6. Basic signal analysis and manipulation¶

### import stuff
import numpy as np
import matplotlib.pyplot as plt
from ipywidgets import widgets, interact
from IPython import display
from matplotlib.font_manager import FontProperties
from matplotlib import rcParams
from scipy.fft import fft,fftfreq, ifft, fftshift, rfft
import scipy.signal as sg
fontP = FontProperties()
fontP.set_size('large')
plt.ion()
%matplotlib inline
plt.style.use('seaborn-poster')
rcParams["figure.figsize"] = [12, 8]

---------------------------------------------------------------------------
ModuleNotFoundError                       Traceback (most recent call last)
Input In [2], in <cell line: 8>()
      6 from matplotlib.font_manager import FontProperties
      7 from matplotlib import rcParams
----> 8 from scipy.fft import fft,fftfreq, ifft, fftshift, rfft
      9 import scipy.signal as sg
     10 fontP = FontProperties()

ModuleNotFoundError: No module named 'scipy'

def sinef(duration,fs,f,A):
    dt = 1./fs
    t = np.arange(0,duration,dt)
    return (t,A*np.sin(f*2*np.pi*t))

#for future use    
duration = 2.25
fs=250 #sampling rate (in Hz)
dt = 1./fs
t = np.arange(0,duration,dt)
A=1
sine = lambda b,t: np.sin(b*2*np.pi*t)

We are only touching some concepts of DSP to get you familiar with them.
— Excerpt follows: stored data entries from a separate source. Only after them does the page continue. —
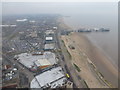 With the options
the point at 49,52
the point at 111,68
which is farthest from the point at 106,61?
the point at 49,52

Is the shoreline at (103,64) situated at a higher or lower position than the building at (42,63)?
lower

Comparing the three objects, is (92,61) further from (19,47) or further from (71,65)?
(19,47)

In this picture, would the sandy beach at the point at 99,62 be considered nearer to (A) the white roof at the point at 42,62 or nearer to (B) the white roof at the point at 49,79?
(B) the white roof at the point at 49,79

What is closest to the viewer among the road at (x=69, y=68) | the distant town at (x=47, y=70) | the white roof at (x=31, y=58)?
the distant town at (x=47, y=70)

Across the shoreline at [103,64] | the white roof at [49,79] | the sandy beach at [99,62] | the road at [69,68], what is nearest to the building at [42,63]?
the white roof at [49,79]

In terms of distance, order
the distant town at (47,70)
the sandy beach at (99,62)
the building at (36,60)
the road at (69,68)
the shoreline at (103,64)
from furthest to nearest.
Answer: the building at (36,60), the shoreline at (103,64), the sandy beach at (99,62), the road at (69,68), the distant town at (47,70)

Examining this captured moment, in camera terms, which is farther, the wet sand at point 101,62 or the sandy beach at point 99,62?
the wet sand at point 101,62

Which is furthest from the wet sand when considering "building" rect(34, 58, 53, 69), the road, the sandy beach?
"building" rect(34, 58, 53, 69) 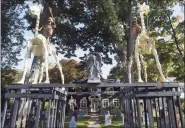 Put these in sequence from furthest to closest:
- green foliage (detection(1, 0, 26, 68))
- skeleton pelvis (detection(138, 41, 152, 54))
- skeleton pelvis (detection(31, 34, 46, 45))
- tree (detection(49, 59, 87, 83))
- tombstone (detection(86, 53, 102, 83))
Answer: tree (detection(49, 59, 87, 83)) → green foliage (detection(1, 0, 26, 68)) → skeleton pelvis (detection(138, 41, 152, 54)) → skeleton pelvis (detection(31, 34, 46, 45)) → tombstone (detection(86, 53, 102, 83))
If you are interested in this topic, many reference books are available both as hard copies (e.g. 1, 2 ) and various online sources (e.g.3).

6.1. Fourier #2¶

To answer this question, we will now attempt to deconstruct a rectangular signal and then reconstruct it using just part of the frequencies.

But first, recalling that most of our examples are given for real signals, let us rephrase the previsou equations.

Assume we are looking at a signal \(y(t)\), we already know that it can be written as :

(6.1)¶\[ \begin{align}\begin{aligned}& y(t) = \sum_n c_n \exp^{in\omega_0 t}\\& c_n = \frac{1}{T}\int_{t_0}^{t_0+T}y(t)\exp^{-in\omega_0 t} dt\end{aligned}\end{align} \]

Next, using Euler’s formula we can modify {eq}’Fser’ such that

\[y(t) = \sum_n c_n \exp^{in\omega_0 t} = \sum_n c_n( \cos (n \omega_0 t) +i \sin (n \omega_0 t) )\]

After some more algebra, we can finally show that

\[y(t) = a_0 +\sum_{n>0} a_n \cos (n \omega_0 t) +b_n \sin (n \omega_0 t) )\]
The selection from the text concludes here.